I arrived in the Borrowdale area and stopped off at Derwent Water, off the Borrowdale road. There is something appealing with this lake side location. The reflections were beautiful. A colourful display of the trees across the lake, mirrored in the glass like lake. An excellent picture post card shot was on the cards but I resisted or so I thought. I wanted to capture something different and not the obvious. This however has been my downfall lately. The need to get something that is not the obvious and coming away with an image which later down the line I am not keen on. Thankfully, I decided to take a reflection shot. This was more about the atmospheric mist and the splashes of light. It was sort of different;
I moved on down the road and into the heart of Borrowdale. I had not found what I had intended from the day. I wanted to make a video focusing on the Autumn colours and fancied myself with a bit of woodland magic. The light was not on my side. It was getting harsh and the friendly mist had decided to visit another day. The key was to adapt to what presented itself.
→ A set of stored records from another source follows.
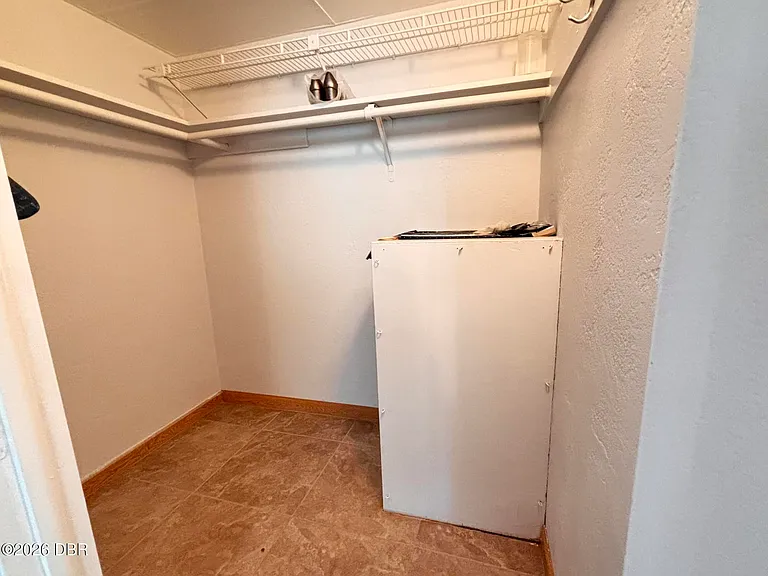 2727 N Atlantic Ave #511 — Photo 23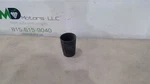 2021-2022 Hyundai Elantra Cup Holder 84680-AB010. Fixed Price $60.00.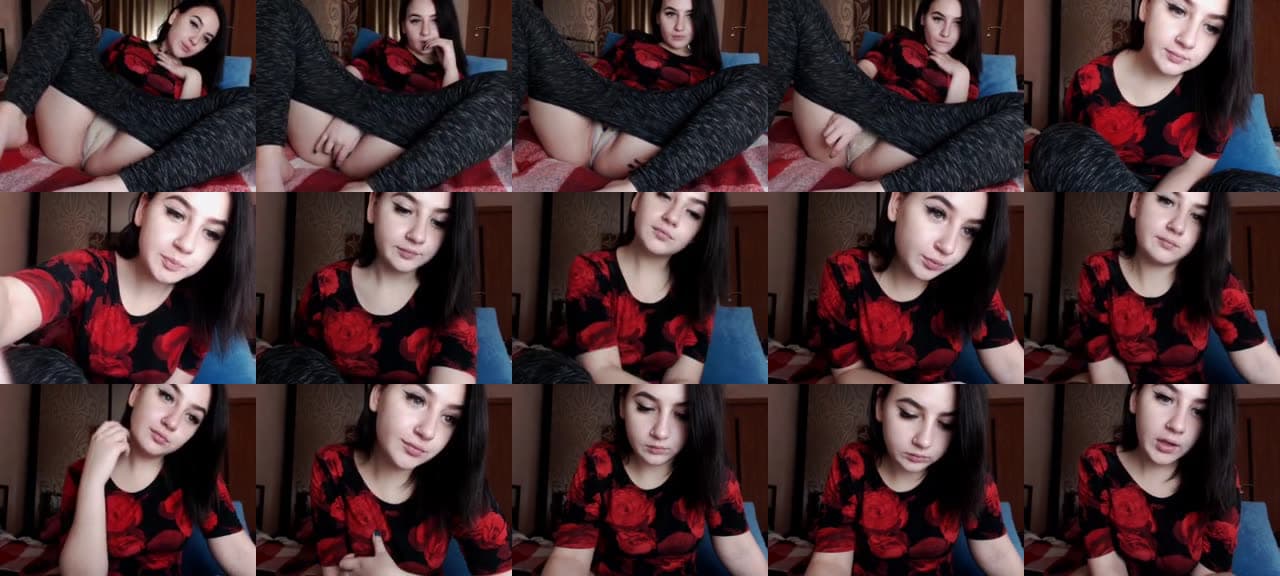 MarisWyn_-MFC-201712261543_m.jpg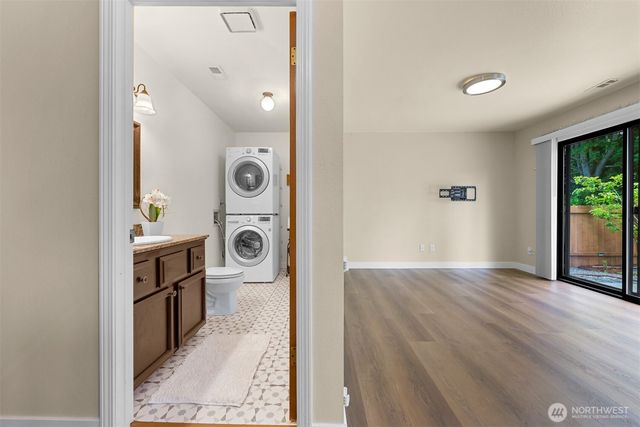 3808 Spring Coulee Road, Bellingham, WA 98226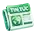 icon-tin-tuc-nk88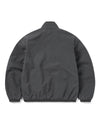 thisisneverthat Washed INTL Team Jacket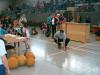 Foto vom Album: LLG in Trebbin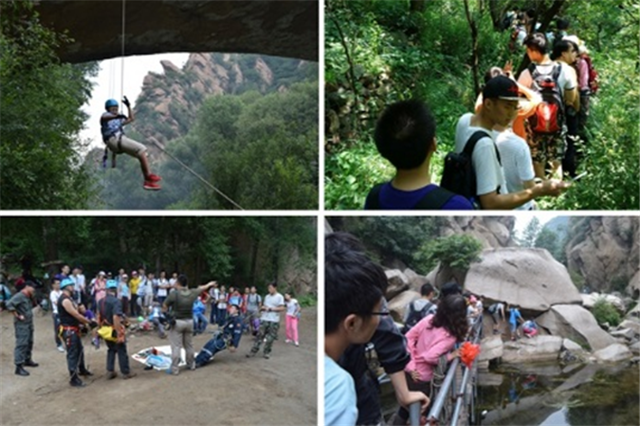 千赢国际qy(中国)唯一官方网站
I had found an interesting patch of woodland which soon became popular with other photographers as the morning progressed. This location was made even more popular apparently by a previous nights photography talk so I was told when speaking to another chap who had obviously liked the same composition as me. His ever nearing presence lead to a short exchange of pleasantries.
The scene was very worthy of a good hour, searching for the right batch of bracken against a backdrop of Silver Birch. Separation of the Silver Birch was easy, finding the foreground was the most testing. I was fairly pleased with the shots I took using both my 50mm lens, handheld and my Wide Angle lens;
The sun was reflecting harsh light off the bracken and an early morning start, together with the thought of a hike to come was hindering my concentration to work the area more so I moved on to my next destination.
I parked at Seatoller and grabbed my walking sticks after a quick lunch in my car. It was hike time. By this time the weather had become more favourable for fell walking with a hint of rain and overcast skies. It was much later than my usual starting times to head out for a hike. I was conscious of the sunset times but confident that I would make it to the summit of Glaramara and back before dark. I did have my head torch as I always do but given the option, hiking back in daylight is always preferable.
It soon became apparent that this was no easy walk. The distance was around 3 kilometres but the ascent was testing. Glaramara was certainly not the tallest of the Lakeland Fells at 783 metres but it was not the smallest. Tiredness was soon setting in and I was reminded by a passing walker that my backpack was rather on the large side with 2 fairly large tripods protruding from either side. I decided to stop and record a piece to camera, giving me some outlet to share my pains. It was time to reconsider my payload if I was to manage all the Wainwrights by next year. I am currently contemplating a lighter option for the shorter hikes. Time will see if it works.
Time was not on my side. I wanted to grab at least one more shot for the video. Yes, the vlogging had taken over but that’s another article to be debated later. It was getting late and the sun was due to set in around 2 hours and I was around a kilometre away from my destination. Thankfully a scene developed behind me and my telephoto was again put to good use. The depth, layers, shapes and mood had yet again delivered;
I made it to the summit of Glaramara with around an hour to spare. The visibility was minimal and evoked a sense of eeriness and solitude. I love these moments. I was exhausted which had been proven through taking three small tumbles. Thankfully I wasn’t injured. With a few mouthfuls of coffee and a handful of Jelly babies, I made it back to my car in good time. I often say it in my vlogs but adapting and making the most of what you have got is key to landscape photography. It gains experience and improves chances to get it right when Mother Nature occasionally provides the near perfect canvas.